- _EXERCISE BRIEF_
Take the data that follows and retype it word for word.

- _MATERIAL PROVIDED_
****************************************

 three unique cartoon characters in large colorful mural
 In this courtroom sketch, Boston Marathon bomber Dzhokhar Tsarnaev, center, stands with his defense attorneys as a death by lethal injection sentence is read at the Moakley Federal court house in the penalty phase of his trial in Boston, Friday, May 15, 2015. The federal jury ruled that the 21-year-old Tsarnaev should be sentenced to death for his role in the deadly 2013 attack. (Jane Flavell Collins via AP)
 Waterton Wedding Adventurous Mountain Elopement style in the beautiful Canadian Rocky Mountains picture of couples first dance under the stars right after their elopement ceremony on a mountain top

****************************************

- _RESULT BELOW_
 three unique cartoon characters in large colorful mural
 In this courtroom sketch, Boston Marathon bomber Dzhokhar Tsarnaev, center, stands with his defense attorneys as a death by lethal injection sentence is read at the Moakley Federal court house in the penalty phase of his trial in Boston, Friday, May 15, 2015. The federal jury ruled that the 21-year-old Tsarnaev should be sentenced to death for his role in the deadly 2013 attack. (Jane Flavell Collins via AP)
 Waterton Wedding Adventurous Mountain Elopement style in the beautiful Canadian Rocky Mountains picture of couples first dance under the stars right after their elopement ceremony on a mountain top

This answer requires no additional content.